New Criticism is a form of literary criticism that triumphed as the predominant critical form in the 1940s through the 1960s. John Crowe Ransom is responsible for naming it in his book of the same name, published in 1941. It quickly became “the” way to read literature and poetry, and was taught in both college and high schools. The underlying idea is that the intent of the author is not important; the text itself is all that should be examined.
Literary criticism prior to this form had considered a number of ways to interpret literature, with no consensus as to the best method. Some critics evaluated literature in terms of the author’s history, showing how works were representative or differed from the time periods in which they were written. Others evaluated works in terms of the author’s life and background.
New Criticism differed greatly from previous forms as it dismissed authorial intent, and particularly ignored biographical and historical information about an author. Instead, literature was to be interpreted based solely on the cohesiveness of the work. To a New Critic, whatever the author intended was not relevant, as the form of the work always transformed intent, producing new meanings.
The critic’s position was to evaluate various aspects of a text that produced ambiguity. He or she analyzed metaphor, simile, and other rhetorical tropes that resulted in stress and counterstress, reconciling them to find the harmony in a work. Through analysis, the critic could then tell readers how to interpret a text and what value was to be gained from reading a text. In other words, the critic became the interpreter through which literature could be understood.
Additionally, the text had to be considered as an object of literature, complete within itself. If the reader began to extrapolate to his or her interpretation outside of the text, he or she had strayed from New Criticism. The critic should be free from his or her own feelings or emotional response when reading the text, and only criticism that stuck to the text was of value. Later theorists argued that there can be no freedom from the self in textual analysis, and that this desire to analyze text as if the reader were a blank slate is quite impossible.
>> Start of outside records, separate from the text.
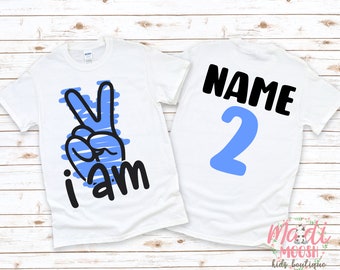 I Am Two Retro Peace Sign Birthday Shirt | Second Birthday Shirt | 2nd Birthday T-Shirt | Peace Birthday Shirt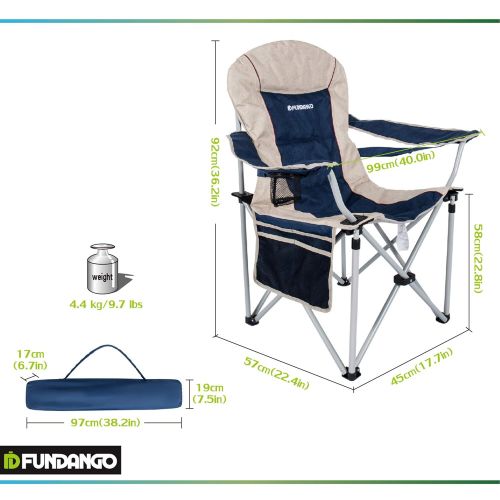  Compression FUNDANGO Oversized Camping Chairs Padded Deluxe Quad Chair High Back Folding Chair with Cup Holder and Armrest Heavy Duty Lumbar Back Support
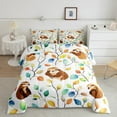 thumbnail image 3 of 7-Piece Cute Sloth Bedding Comforter Sets Hippie Floral Bed in a Bag, Chic Flower King Bedding Sets Watercolor Leaves Comforter Set, Woodland Wildlife Bedding Sets & Collections, 3 of 5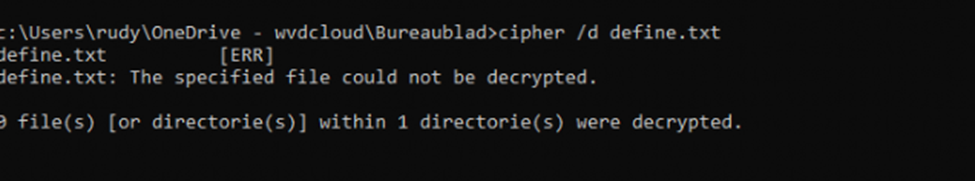 running cipher /d to decrypt the file as Local Administrator Access with Protected User Logged In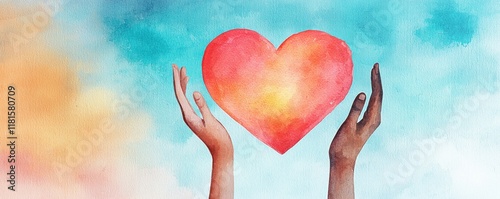 Two hands hold a vibrant heart against a colorful sky, symbolizing love, care, and connection.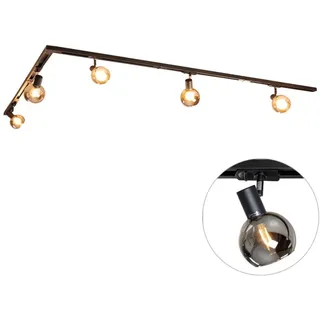 Qazqa Schienensystem-Sets Iconic lava, ohne Leuchtmittel, Extra-Warmweiß, QAZQA Schienen­leuchte, e14, Schwarz, Aluminium, Modern schwarz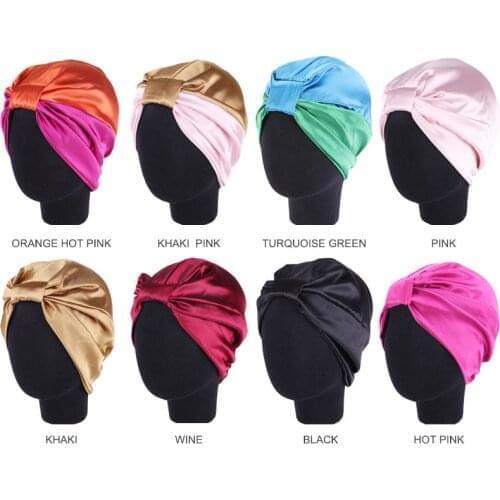 Fashion Silk Turban Bonnet For Women Satin Hat Stretch Headband Beanie Caps Scarf Bohemian Breathable Headwrap Hair Accessories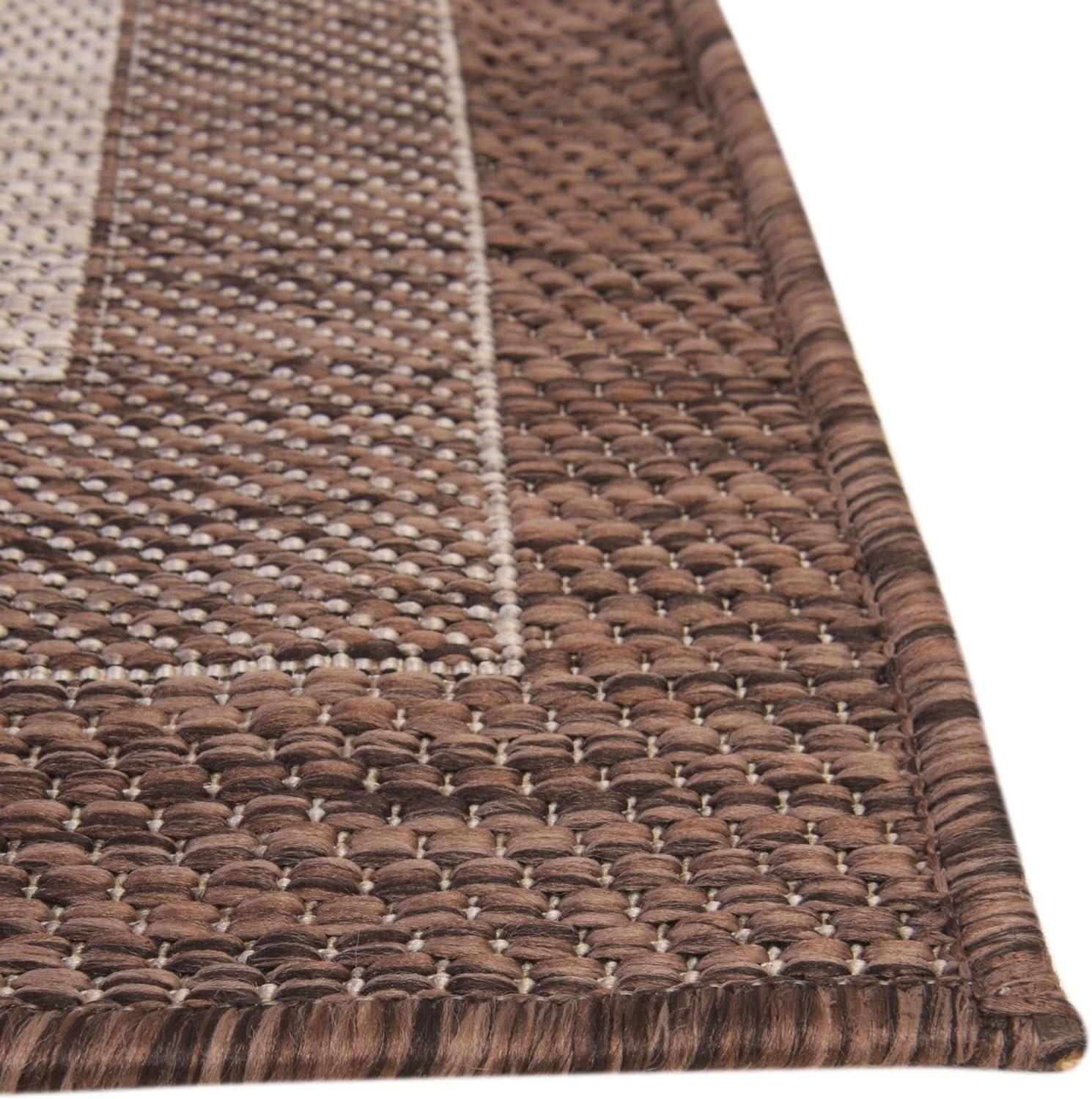 Unique Loom 9' 0 x 12' 0 Rectangle Indoor/Outdoor Border Brown Area Rug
In their new elevated status as interpreter, however, critics legitimized their own profession. Publication of books and articles that clarified the meanings of poetry and other writings were cousins to literature, because they provided the layperson with a method for understanding what he or she read. Though much of New Criticism has been soundly refuted, this new, enhanced status of the critic remains.
This form of criticism influenced the literary canon, the materials considered to be art, because critics could point to those works that achieved harmony through ambiguity. As such, certain works were considered more valuable than others, greatly influencing which ones were assigned as reading material. Students writing about such material often had their interpretations scrapped because they had failed to find the “correct” interpretation of a text.
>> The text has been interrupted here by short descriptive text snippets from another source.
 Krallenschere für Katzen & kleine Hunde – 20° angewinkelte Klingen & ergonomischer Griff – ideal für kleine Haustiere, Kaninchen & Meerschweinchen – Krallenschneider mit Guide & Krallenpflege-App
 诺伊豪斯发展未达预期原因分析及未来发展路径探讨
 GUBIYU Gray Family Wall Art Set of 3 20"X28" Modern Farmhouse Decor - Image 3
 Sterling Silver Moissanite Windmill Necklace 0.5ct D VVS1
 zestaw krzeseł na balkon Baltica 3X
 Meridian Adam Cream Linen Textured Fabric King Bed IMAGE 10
While New Criticism remains a useful tool for teaching students about the basic elements in poetry, most of it has been refuted and replaced. Newer forms of literary criticism, which often posit that texts can produce multiple meanings that are directly opposed, have triumphed. These theories have reintroduced the consideration of the author’s intent from a psychological or historical point of view. Other critical schools, such as structuralism, evaluate the specific language of the text to derive multiple meanings.
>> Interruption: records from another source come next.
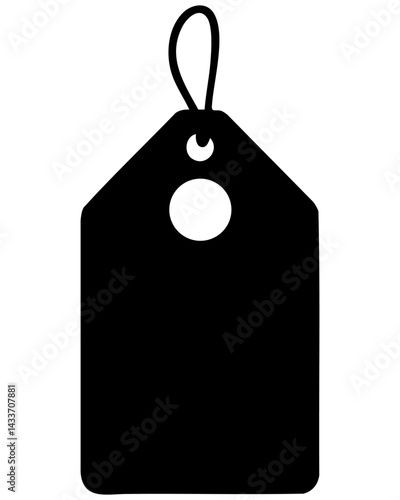 Black vector silhouette of a blank tag for labeling or decoration purposes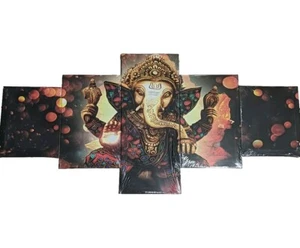 Juego de 5 pinturas murales religiosas enmarcadas Ganesh Ji para decoración del hogar - Imagen 1 de 6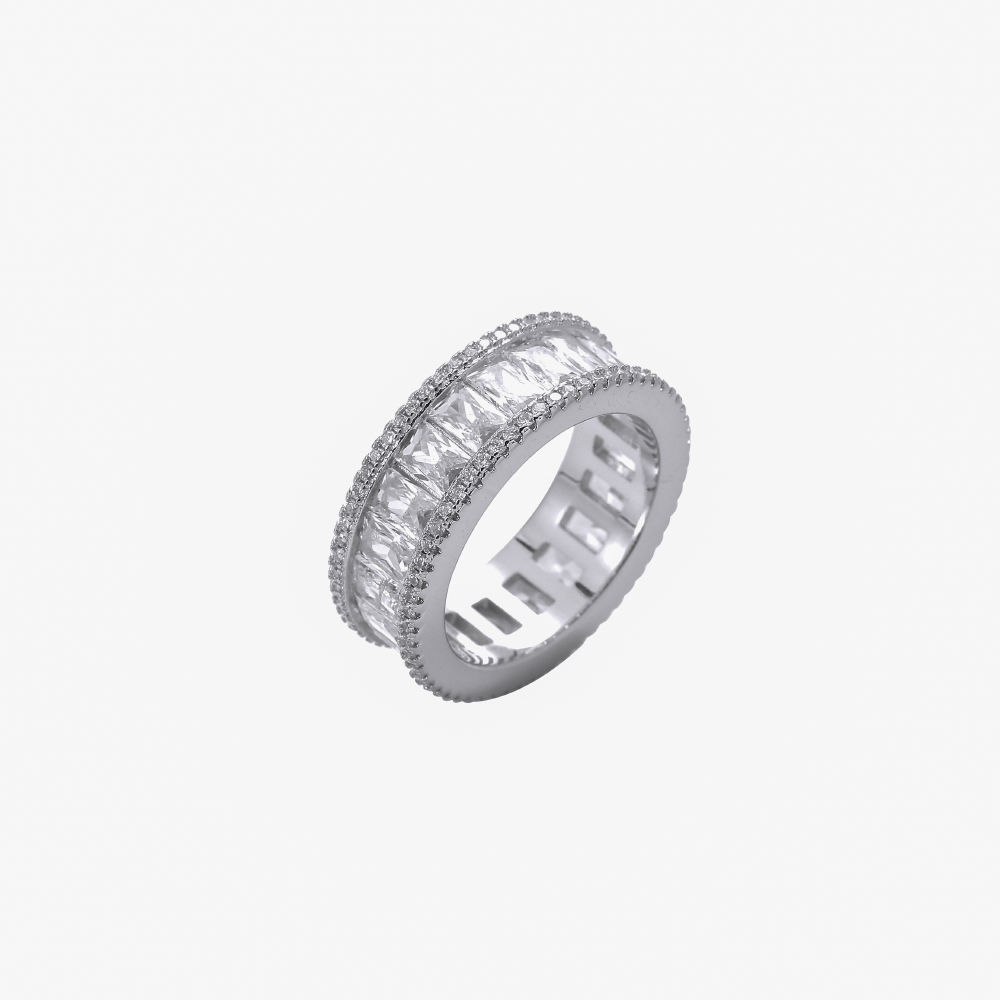Baguette And Row Diamond Ring - White Gold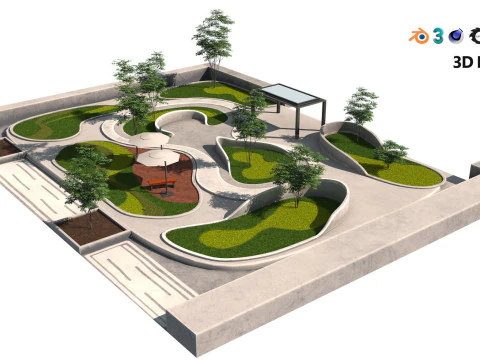 33 Realistic Landscape Gardens Collection part01 3D Model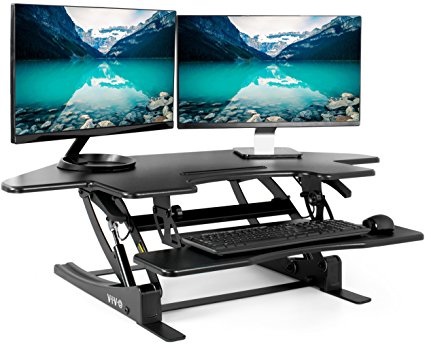 VIVO Black Corner Standing Height Adjustable Cubical Sit to Stand - 43.5" Wide Tabletop Desk Riser (DESK-V000VC)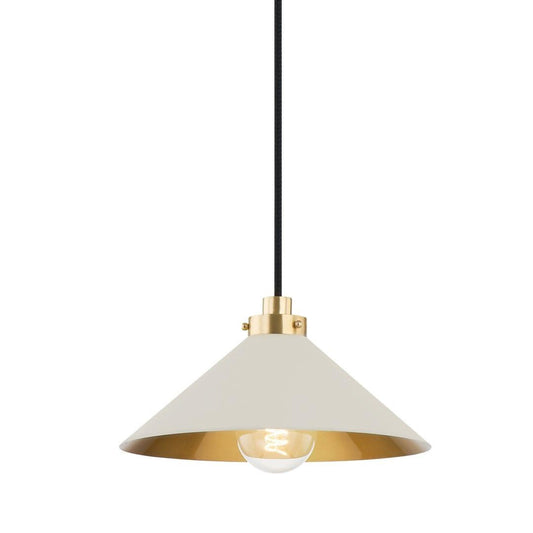 Hudson Valley Clivedon Pendant Aged Brass, Off White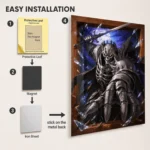 Anime Metal Poster Wall Decor - Dark Fantasy Skull Knight - Image 2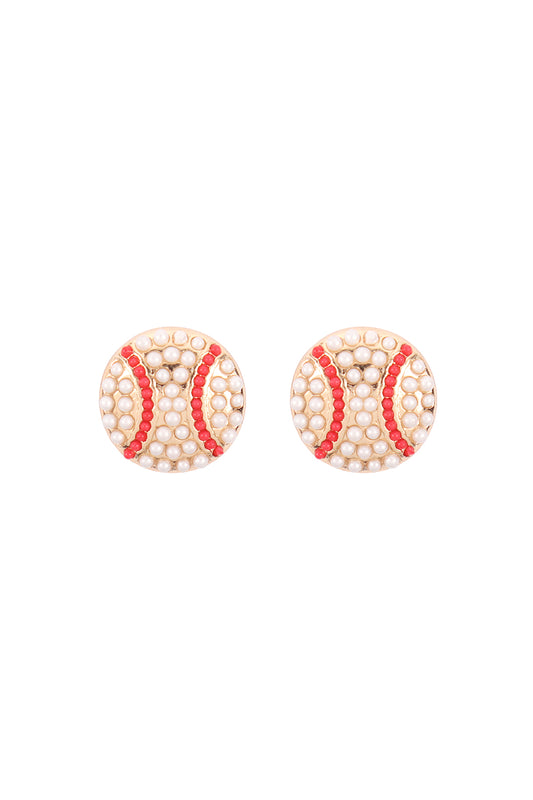 Sports Seed Bead Stud Earrings
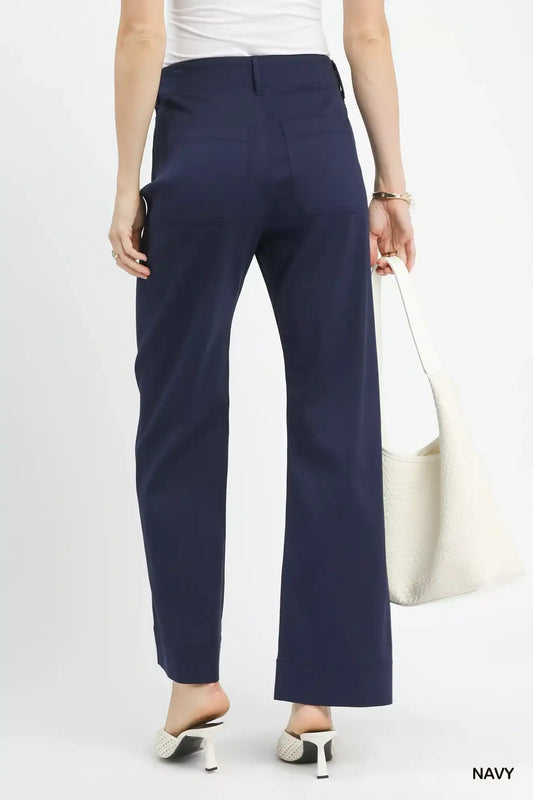 Umgee Button Stretched Pants - Sleekdenim.com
The best refutations have led to inclusion of more works in the canon. New Critics tended to value Western work over any other forms of literature, and moreover, placed a higher value on works written by men. Feminist and New Historical Critics have restored many works to the canon that had been ousted by New Critics.
Though New Criticism is no longer a dominant critical form, knowledge of it is essential to understanding the history of literary criticism. One outstanding text to review is Cleanth Brooks’ The Well Wrought Urn. Other influential writers in this area are William Empson and Allen Tate.